Although brand advertisers are willing to pay significant CPMs to reach a qualified audience, there’s simply too much inventory available on the top web properties for them to buy all of it. Many of the world’s most respected web sites are simply unable to sell their entire inventory each and every month.

Rather than let these excess impressions go to waste, top publishers sell their remnant inventory to highest bidders in direct marketing…usually at a cost well below $1 CPM.

A Quiet Behemoth and the Dangers of Inconsistent Pricing

This simple Double Standard has led to the emergence of a huge sub-vertical within online advertising. As eMarketer reports, of the $15.9 billion spent on online advertising in 2006, $10.5 billion was spent on direct response media.

Although less publicized and even less understood, the DR industry is worth almost twice the entire market for online brand advertising.

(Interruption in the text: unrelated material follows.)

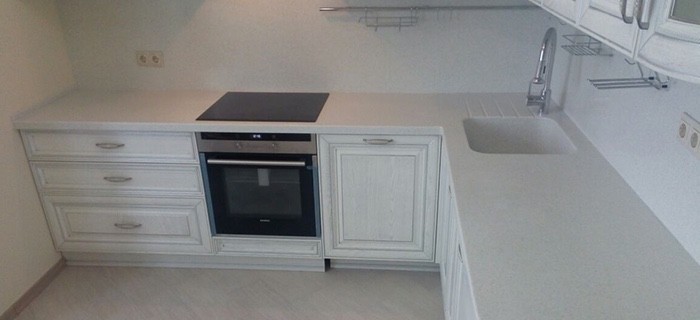 Столешница Г-образной формы для кухни из искусственного камня Hi-Macs G110 (Корея). Дополнительно: интегрированная мойка + проточки.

As brand marketers better understand the level to which they are overpaying for inventory, publishers will face significant pressure to either open up their unsold inventory directly to the brand marketers or to stop selling unsold inventory at the discounts currently allowed.

The stakes are high. Many premium content publishers cannot afford to publish quality content without the high CPMs garnered by brand advertisers. If brand advertisers stop paying premiums, the entire content industry could fall apart.

At the same time, publishers count on the income provided by selling their entire inventory – even if much is sold at bargain basement rates.

Square Peg/Round Hole

Although premium publishers have a few choices towards eradicating the double standard, none of the choices are particularly exciting.

First, publishers can simply refuse to sell remnant inventory and instead allocate the inventory to house ads. This can work for some publishers, particularly if they offer premium content products (e.g. subscription-based services) because it maintains rate card integrity but for the most part, this tends to hurt revenue numbers.

Second, publishers can donate their inventory to charities and non-profits. Google, for example, donates impressions to charities when its AdSense technology can’t display a contextually relevant ad. This does good for the world and simultaneously builds good will within the industry and the world at large. As with house ads, this option will cause the publisher to lose significant revenue.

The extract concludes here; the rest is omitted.